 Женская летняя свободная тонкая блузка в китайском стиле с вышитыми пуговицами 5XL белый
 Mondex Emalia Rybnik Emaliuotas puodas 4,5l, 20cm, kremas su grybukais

★ ★ ★ ★

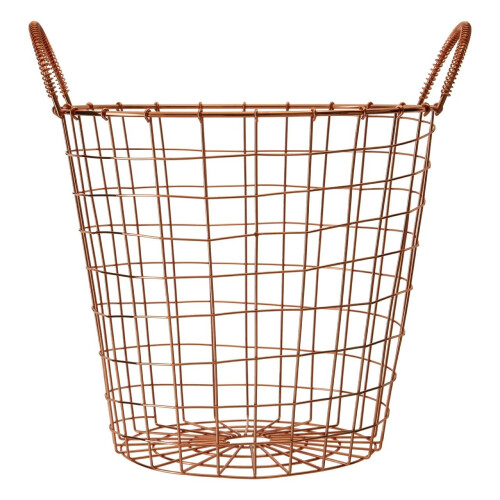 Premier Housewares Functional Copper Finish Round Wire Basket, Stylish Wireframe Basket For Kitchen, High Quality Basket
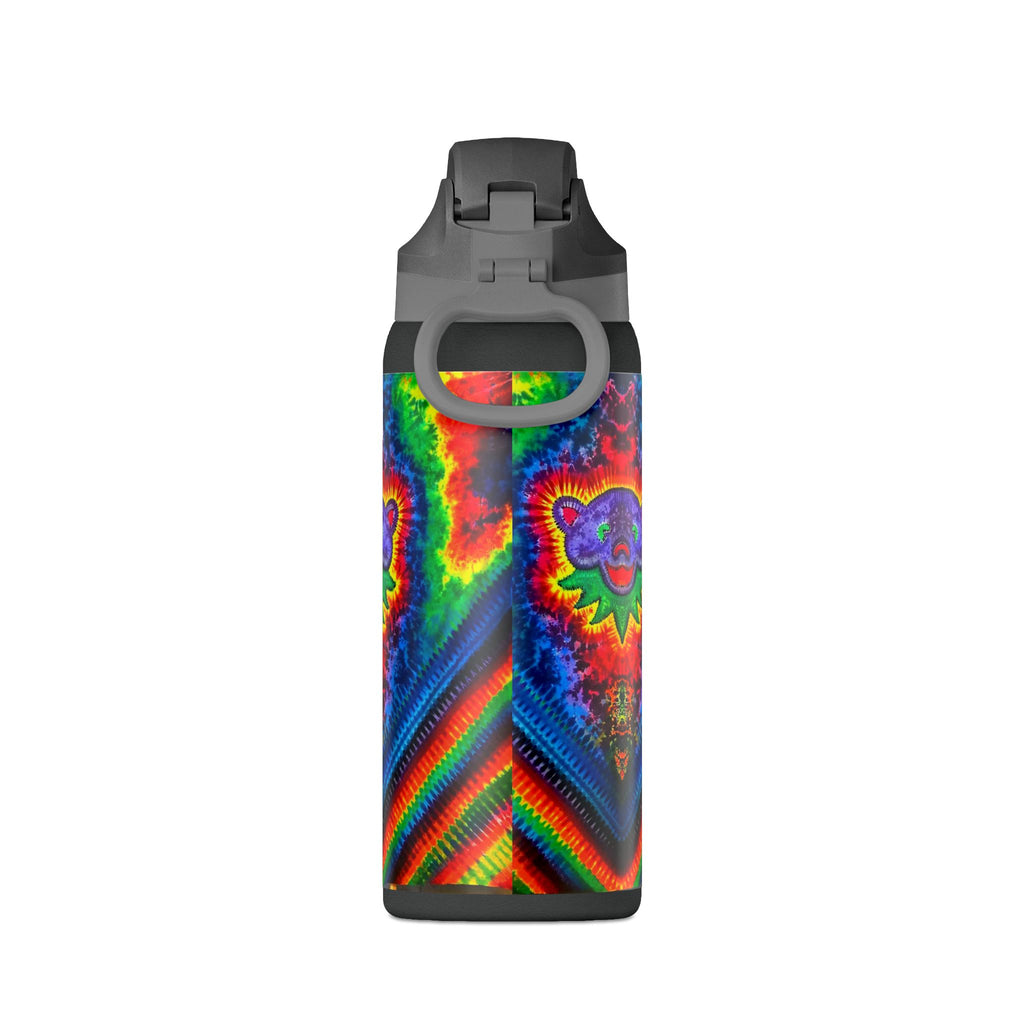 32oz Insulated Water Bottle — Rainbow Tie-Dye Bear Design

★ ★ ★ ★

REQUIREMENT:
In the entries above, find the line holding "Женская летняя свободная" and the line holding "Mondex Emalia Rybnik", then retype exactly those two lines and every line between them, and nothing else.

ANSWER AREA:
 Женская летняя свободная тонкая блузка в китайском стиле с вышитыми пуговицами 5XL белый
 Mondex Emalia Rybnik Emaliuotas puodas 4,5l, 20cm, kremas su grybukais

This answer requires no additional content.